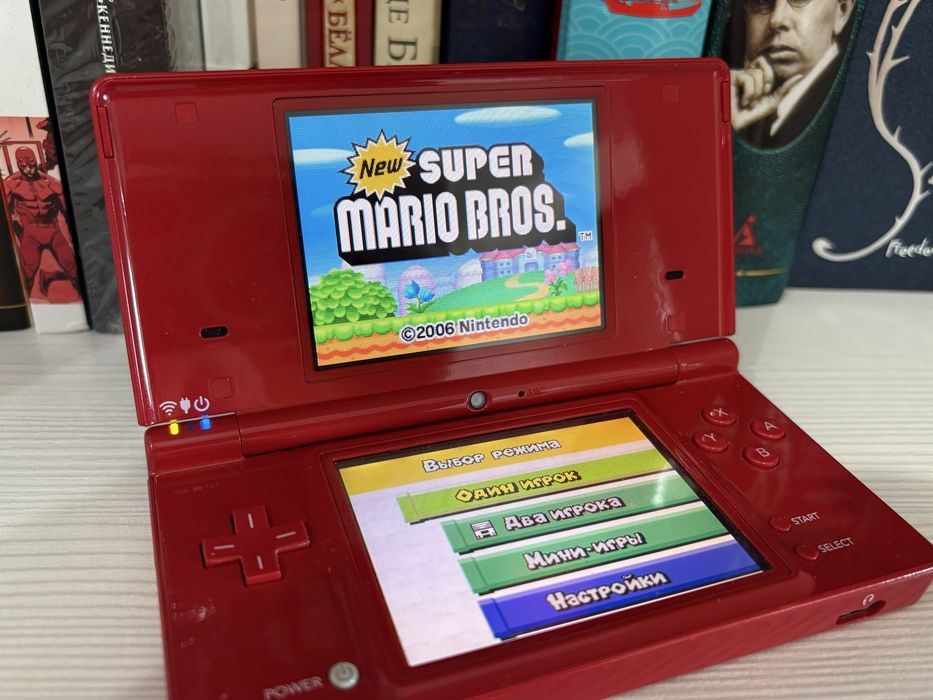 Продам Nintendo DSi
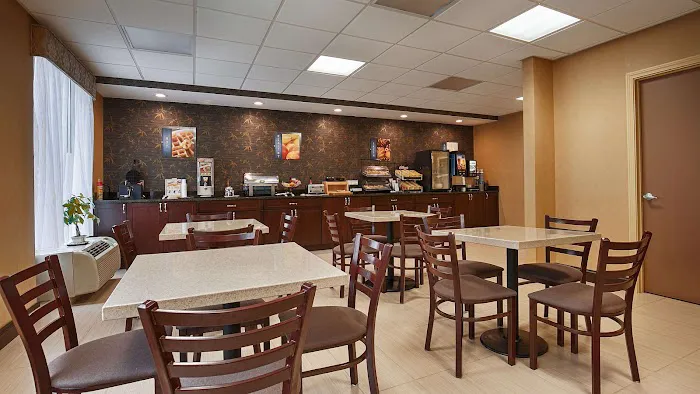 Best Western Springfield West Inn 4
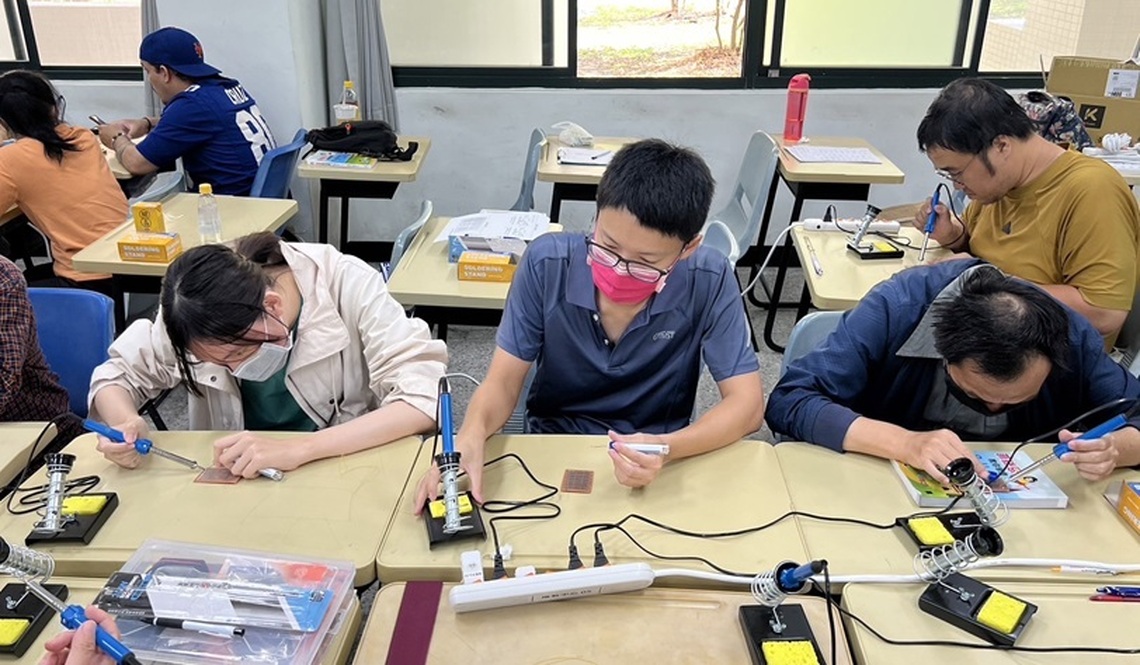 從頭開始學習半導體 機械科男孩勇闖科技大廠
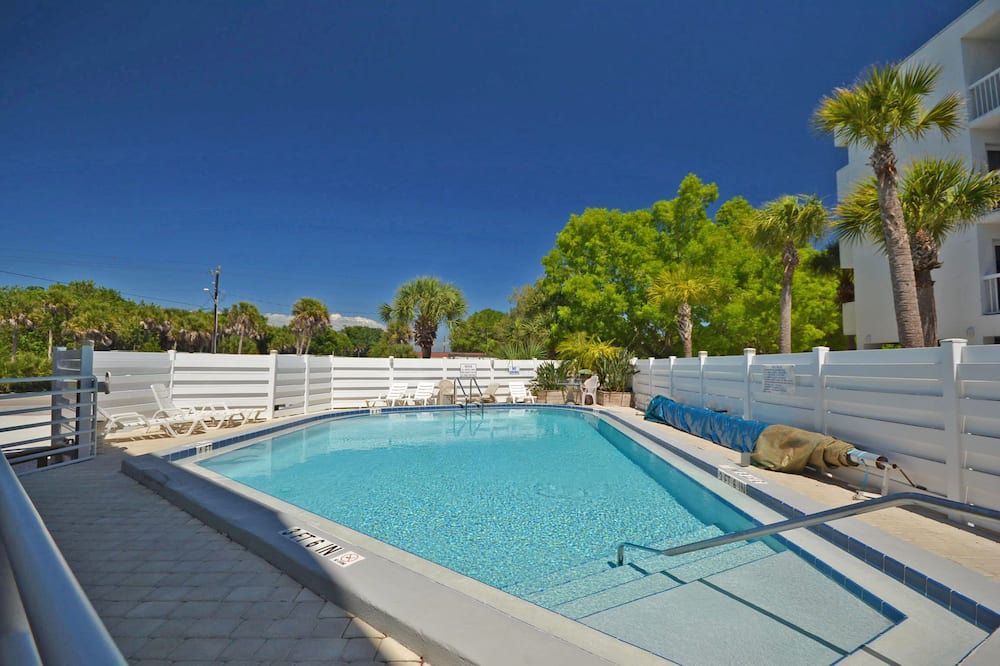 Photo of Outdoor in Englewood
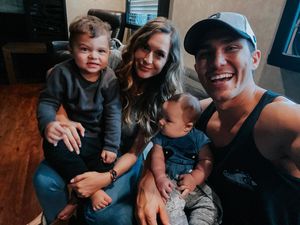 Image post by @therealcarlospena on Instagram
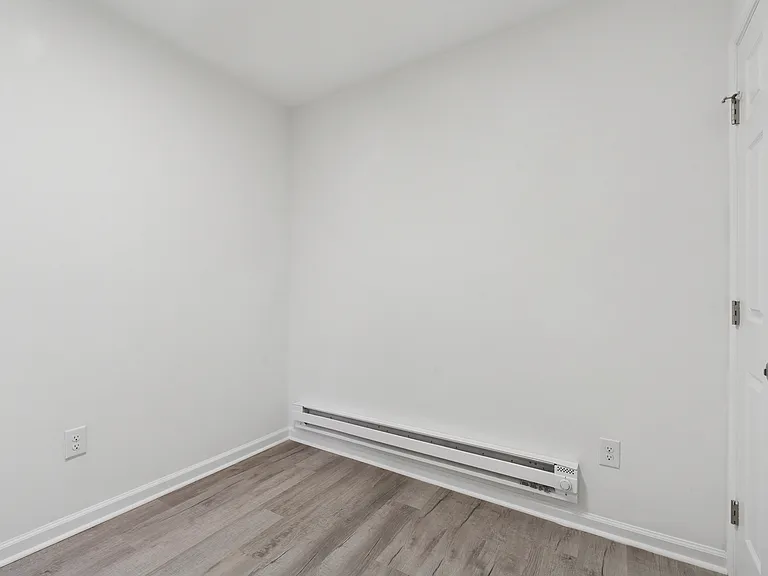 1516 S Ringgold St — Photo 13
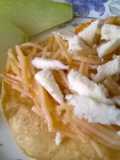 Tostadas de fideo y queso con chayotes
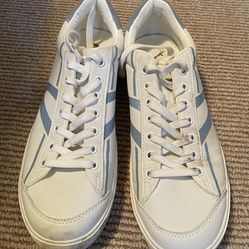 Tretorn white cushioned sneaker
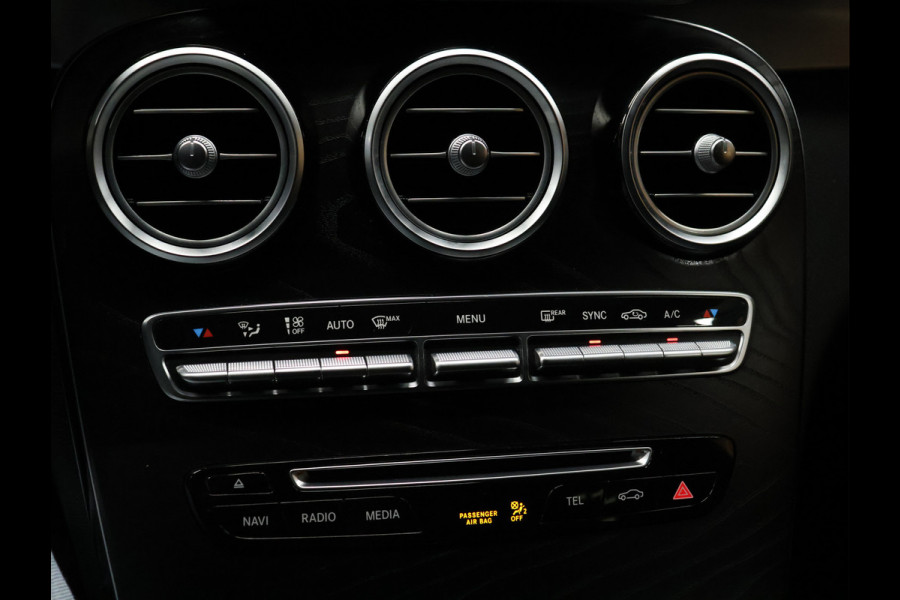Mercedes-Benz C-Klasse 200 AMG Sport Night pakket [CAMERA, VOL LEDER, LEDVERLICHTING, STOELVERWARMING, PDC V+A, BLUETOOTH, CRUISE, CLIMATE, NIEUWSTAAT]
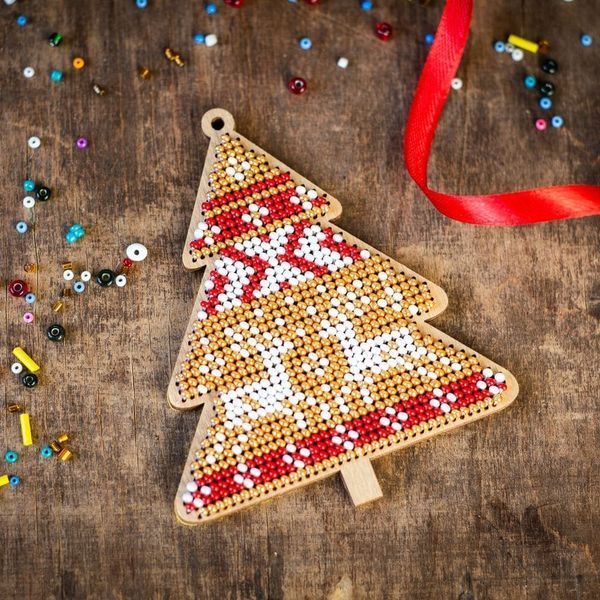 Wooden Bead Embroidery Kit &ndash; &ldquo;Christmas Ornament &ndash; Tree&rdquo; FLK-157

YOUR ASSIGNMENT:
Restate, word for word and without pictures, the lines from the line containing "1516 S Ringgold St — Photo 13" to the last line of the records above.

SOLVED EXERCISE:
 1516 S Ringgold St — Photo 13
 Tostadas de fideo y queso con chayotes
 Tretorn white cushioned sneaker
Mercedes-Benz C-Klasse 200 AMG Sport Night pakket [CAMERA, VOL LEDER, LEDVERLICHTING, STOELVERWARMING, PDC V+A, BLUETOOTH, CRUISE, CLIMATE, NIEUWSTAAT]
 Wooden Bead Embroidery Kit &ndash; &ldquo;Christmas Ornament &ndash; Tree&rdquo; FLK-157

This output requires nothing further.